Situation financière et économique du pays : Les chiffres inquiétants du gouvernement

Inquiètude. L’année 2017 sera clôturée avec des difficultés réelles, tandis que l’année 2018 s’annonce plus complexe encore, selon le Premier ministre. Le gouvernement craint une incapacité à assurer la dépense publique et la perte de souveraineté économique. Dans ce contexte, le recours massif à l’endettement extérieur n’est pas exclu. Cette solution entraînera évidemment le recours aux institutions financières internationales en contrepartie de mesures économiques et sociales draconiennes à appliquer.

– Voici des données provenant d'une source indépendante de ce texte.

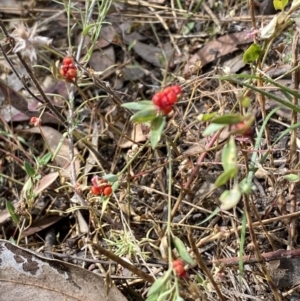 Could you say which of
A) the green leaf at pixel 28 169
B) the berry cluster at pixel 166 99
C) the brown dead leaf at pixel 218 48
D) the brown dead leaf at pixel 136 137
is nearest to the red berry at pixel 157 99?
the berry cluster at pixel 166 99

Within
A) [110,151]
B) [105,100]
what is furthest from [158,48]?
[110,151]

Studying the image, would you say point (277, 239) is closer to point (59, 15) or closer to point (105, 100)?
point (105, 100)

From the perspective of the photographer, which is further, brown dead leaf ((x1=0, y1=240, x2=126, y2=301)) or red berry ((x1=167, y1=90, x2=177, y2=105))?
brown dead leaf ((x1=0, y1=240, x2=126, y2=301))

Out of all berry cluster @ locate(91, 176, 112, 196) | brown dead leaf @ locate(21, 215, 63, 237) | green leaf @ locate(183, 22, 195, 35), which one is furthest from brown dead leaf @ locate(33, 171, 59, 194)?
green leaf @ locate(183, 22, 195, 35)

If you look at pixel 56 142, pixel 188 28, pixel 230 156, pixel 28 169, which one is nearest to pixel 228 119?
pixel 230 156

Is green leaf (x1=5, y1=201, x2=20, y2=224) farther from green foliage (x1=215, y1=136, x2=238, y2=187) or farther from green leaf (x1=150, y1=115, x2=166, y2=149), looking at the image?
green foliage (x1=215, y1=136, x2=238, y2=187)

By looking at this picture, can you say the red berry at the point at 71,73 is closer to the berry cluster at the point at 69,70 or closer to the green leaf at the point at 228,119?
the berry cluster at the point at 69,70
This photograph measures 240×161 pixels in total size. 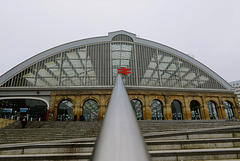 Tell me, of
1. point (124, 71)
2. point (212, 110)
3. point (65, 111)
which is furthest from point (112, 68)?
point (212, 110)

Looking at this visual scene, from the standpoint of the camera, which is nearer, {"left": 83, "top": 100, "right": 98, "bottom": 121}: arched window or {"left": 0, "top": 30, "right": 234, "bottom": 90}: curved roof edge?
{"left": 83, "top": 100, "right": 98, "bottom": 121}: arched window

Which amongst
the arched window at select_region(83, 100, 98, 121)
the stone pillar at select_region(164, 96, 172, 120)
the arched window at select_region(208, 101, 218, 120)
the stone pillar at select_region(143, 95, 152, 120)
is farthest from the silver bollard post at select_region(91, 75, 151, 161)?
the arched window at select_region(208, 101, 218, 120)

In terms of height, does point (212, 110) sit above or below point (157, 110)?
below

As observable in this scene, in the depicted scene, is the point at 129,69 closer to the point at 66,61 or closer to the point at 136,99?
Answer: the point at 136,99

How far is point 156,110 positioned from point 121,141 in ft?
74.0

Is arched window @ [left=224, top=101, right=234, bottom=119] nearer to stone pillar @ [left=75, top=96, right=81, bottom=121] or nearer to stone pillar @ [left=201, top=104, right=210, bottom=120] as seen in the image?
stone pillar @ [left=201, top=104, right=210, bottom=120]

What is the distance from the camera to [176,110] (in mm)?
22422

Lors de son passage à l’Assemblée nationale populaire (APN), à l’occasion de la présentation de son plan d’action, le Premier ministre a décliné des chiffres inquiétants sur la situation financière du pays. En effet, Ahmed Ouyahia a fourni des indications peu rassurantes sur la situation financière, les risques qu’elle véhicule et les moyens qu’il faudrait engager. A ce propos, il précise que l’Algérie enregistre un important déficit commercial. Il a été de plus de 20 milliards de dollars en 2016.

Le déficit continu de la balance des paiements n’est pas en reste. Il est de plus de 25 milliards de dollars, à fin 2016. Sur le plan extérieur, l’Algérie demeure, selon Ahmed Ouyahia, économiquement souveraine grâce aux réserves de change accumulées durant les années passées. Cependant, ces réserves de change reculent sans cesse, passant de 193 milliards de dollars en mai 2014 à 103 milliards de dollars en septembre 2017. Les réserves en or sont estimées, quant à elles, à 6 milliards de dollars.

L’état des finances publiques est également préoccupant. Il a été enregistré un recul de la fiscalité pétrolière générant des déficits budgétaires et la consommation de la totalité de l’épargne du Trésor qui était logée au Fonds de régulation des recettes (FRR) en février 2017. Ceci a conduit le Trésor à avoir recours à d’autres ressources complémentaires, ces deux dernières années, notamment l’emprunt obligataire national et un emprunt extérieur auprès de la Banque africaine de développement (BAD) pour l’équivalent de 1 milliard de dollars.

L’année 2017 sera clôturée avec des difficultés réelles, tandis que l’année 2018 s’annonce plus complexe encore, selon le Premier ministre.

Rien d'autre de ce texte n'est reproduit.